‘UK deadlock makes no-deal Brexit more likely,’ says EU’s Michel Barnier
Continuing deadlock in the House of Commons makes it “day after day, more likely” that the UK will leave the European Union on April 12 without an agreement, according to European Union’s chief negotiator, Michel Barnier.
The warning came after the house on Monday night again rejected alternatives to the withdrawal package reached between the Theresa May government and Brussels. Barnier called the situation “a serious crisis”.
The UK leaving without an agreement is considered the worst-case scenario due to its debilitating impact on the economy, besides disrupting rules and regulations affecting every aspect of everyday life developed and implemented over 40 years of the UK’s membership of the EU.

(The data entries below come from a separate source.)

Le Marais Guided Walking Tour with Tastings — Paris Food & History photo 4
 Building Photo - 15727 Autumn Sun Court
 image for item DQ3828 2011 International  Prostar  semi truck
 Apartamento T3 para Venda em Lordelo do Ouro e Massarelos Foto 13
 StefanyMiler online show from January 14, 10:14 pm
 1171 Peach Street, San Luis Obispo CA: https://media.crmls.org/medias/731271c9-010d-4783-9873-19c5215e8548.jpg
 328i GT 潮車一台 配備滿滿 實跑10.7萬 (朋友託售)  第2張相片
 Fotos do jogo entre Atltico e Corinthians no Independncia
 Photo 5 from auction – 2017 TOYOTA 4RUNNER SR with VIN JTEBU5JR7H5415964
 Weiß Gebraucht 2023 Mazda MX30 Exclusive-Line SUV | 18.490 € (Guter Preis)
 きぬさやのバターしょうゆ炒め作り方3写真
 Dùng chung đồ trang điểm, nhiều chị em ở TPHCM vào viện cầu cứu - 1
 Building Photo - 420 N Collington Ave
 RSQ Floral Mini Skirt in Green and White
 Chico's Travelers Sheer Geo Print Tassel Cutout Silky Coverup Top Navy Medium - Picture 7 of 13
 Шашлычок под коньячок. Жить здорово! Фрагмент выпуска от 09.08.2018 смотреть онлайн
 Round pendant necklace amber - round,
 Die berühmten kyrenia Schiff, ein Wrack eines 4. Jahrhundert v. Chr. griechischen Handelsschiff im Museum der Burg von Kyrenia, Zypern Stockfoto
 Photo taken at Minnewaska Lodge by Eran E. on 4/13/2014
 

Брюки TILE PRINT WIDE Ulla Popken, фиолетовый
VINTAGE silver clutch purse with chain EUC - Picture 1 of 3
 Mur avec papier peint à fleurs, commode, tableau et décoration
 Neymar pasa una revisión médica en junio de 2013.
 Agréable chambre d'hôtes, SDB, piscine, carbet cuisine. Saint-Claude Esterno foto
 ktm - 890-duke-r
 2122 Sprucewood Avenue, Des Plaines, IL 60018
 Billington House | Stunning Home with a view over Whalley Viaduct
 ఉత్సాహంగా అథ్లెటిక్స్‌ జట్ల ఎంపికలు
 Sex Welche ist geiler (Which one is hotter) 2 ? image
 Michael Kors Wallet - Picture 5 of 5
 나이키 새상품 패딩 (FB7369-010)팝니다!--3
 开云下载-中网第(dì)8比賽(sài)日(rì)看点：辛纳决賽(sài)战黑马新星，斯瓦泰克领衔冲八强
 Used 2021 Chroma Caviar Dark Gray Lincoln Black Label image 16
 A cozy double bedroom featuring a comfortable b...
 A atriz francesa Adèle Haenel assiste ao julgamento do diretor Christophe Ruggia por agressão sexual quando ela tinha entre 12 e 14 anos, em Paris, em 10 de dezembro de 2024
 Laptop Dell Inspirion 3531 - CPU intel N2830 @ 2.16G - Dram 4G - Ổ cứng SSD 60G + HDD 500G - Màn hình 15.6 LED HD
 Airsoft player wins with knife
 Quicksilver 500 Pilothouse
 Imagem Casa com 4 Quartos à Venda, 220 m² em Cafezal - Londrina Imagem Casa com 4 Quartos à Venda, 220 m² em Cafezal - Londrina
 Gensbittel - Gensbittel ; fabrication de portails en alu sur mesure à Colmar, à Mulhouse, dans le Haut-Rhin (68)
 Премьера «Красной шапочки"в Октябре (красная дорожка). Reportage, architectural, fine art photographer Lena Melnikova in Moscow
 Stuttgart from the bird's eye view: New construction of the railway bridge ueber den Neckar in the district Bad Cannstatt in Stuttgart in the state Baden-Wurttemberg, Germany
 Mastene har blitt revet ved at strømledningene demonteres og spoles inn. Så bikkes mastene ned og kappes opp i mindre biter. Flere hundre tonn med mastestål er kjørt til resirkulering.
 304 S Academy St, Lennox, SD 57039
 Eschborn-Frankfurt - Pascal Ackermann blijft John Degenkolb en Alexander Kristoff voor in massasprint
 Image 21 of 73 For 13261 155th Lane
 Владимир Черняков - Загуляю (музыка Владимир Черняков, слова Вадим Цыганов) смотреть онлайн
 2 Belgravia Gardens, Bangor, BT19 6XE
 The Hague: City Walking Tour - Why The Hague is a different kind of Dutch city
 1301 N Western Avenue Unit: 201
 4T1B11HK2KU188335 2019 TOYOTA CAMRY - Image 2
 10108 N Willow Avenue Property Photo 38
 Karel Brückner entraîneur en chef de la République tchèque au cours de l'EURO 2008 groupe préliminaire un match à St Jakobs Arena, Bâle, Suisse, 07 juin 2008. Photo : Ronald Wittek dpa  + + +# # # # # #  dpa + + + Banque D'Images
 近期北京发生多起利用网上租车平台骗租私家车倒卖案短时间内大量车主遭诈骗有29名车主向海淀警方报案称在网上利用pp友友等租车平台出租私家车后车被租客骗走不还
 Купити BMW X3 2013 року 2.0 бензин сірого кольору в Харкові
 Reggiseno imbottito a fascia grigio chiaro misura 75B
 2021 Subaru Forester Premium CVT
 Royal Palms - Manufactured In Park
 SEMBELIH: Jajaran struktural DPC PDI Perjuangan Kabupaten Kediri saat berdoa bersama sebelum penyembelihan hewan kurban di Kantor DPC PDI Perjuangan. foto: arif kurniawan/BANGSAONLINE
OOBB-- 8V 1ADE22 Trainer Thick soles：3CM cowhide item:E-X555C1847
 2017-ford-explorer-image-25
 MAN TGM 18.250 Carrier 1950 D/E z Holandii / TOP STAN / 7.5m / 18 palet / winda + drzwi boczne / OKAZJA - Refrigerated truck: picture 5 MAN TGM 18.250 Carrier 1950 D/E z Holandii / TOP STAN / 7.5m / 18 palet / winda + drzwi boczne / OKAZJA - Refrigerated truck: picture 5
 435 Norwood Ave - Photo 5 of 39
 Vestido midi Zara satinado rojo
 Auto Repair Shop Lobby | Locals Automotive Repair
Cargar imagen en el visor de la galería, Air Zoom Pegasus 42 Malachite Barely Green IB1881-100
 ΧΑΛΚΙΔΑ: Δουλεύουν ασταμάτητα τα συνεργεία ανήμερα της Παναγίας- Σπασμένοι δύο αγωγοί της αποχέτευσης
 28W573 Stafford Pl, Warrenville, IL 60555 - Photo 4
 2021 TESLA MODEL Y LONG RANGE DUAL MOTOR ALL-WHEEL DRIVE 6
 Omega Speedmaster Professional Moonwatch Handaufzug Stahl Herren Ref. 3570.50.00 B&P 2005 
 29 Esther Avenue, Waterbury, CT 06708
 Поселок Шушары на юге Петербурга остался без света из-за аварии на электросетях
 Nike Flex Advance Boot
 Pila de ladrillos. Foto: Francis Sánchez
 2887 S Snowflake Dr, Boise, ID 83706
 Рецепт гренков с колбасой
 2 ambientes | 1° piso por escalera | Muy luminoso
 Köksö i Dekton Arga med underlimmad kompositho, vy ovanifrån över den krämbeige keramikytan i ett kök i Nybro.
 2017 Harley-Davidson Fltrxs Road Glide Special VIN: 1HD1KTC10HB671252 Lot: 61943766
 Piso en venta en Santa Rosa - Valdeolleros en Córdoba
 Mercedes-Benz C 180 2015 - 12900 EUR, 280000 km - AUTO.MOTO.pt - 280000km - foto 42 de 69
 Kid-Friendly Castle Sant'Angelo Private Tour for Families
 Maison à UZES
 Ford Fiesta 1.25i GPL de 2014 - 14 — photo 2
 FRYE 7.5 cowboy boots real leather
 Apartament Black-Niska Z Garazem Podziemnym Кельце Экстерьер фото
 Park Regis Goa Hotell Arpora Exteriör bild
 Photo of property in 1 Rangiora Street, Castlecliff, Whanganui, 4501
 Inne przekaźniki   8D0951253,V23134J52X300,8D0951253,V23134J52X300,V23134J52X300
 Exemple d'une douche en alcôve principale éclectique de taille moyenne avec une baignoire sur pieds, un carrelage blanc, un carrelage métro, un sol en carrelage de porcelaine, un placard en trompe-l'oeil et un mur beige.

Barnier said a long extension to the April 12 exit date had “significant risks for the EU” and a “strong justification would be needed” if the May government sought it. A group of MPs announced plans on Tuesday to force May to seek the extension.
Barnier said in Brussels: “No deal was never our desired or intended scenario. But the EU27 is now prepared. It becomes, day after day, more likely. This is a serious crisis and no-one can be pleased with what is happening in the UK currently.”
He told the European Parliament’s foreign affairs committee that “things are somewhat hanging on the decisions of the House of Commons”, and that the deal was negotiated with the UK, “not against the UK”.
The cross-party group of MPs intends to force the May government to extend Article 50 of the Lisbon Treaty beyond April 12. Article 50 sets down the two-year procedure for a member-state leaving the European Union.
Until the April 12 was agreed, the scheduled departure date was March 29, but it was missed due to the House of Commons not endorsing a withdrawal package agreed with Brussels.
May was closeted with her cabinet on Tuesday for what is called a “marathon meeting” to decide the way forward.
Senior Labour leader Yvette Cooper, who is leading the new bid, said: “We are now in a really dangerous situation with a serious and growing risk of no deal in 10 days’ time. The prime minister has a responsibility to prevent that happening. She needs to put forward a proposal, including saying how long an extension she thinks we need to sort things out.”
She added: “If the government won’t act urgently, then parliament has a responsibility to try to ensure that happens even though we are right up against the deadline…So that means that whatever happens in the next few days, the UK needs an extension beyond April 12 if we are to avoid the damage and chaos of no-deal.”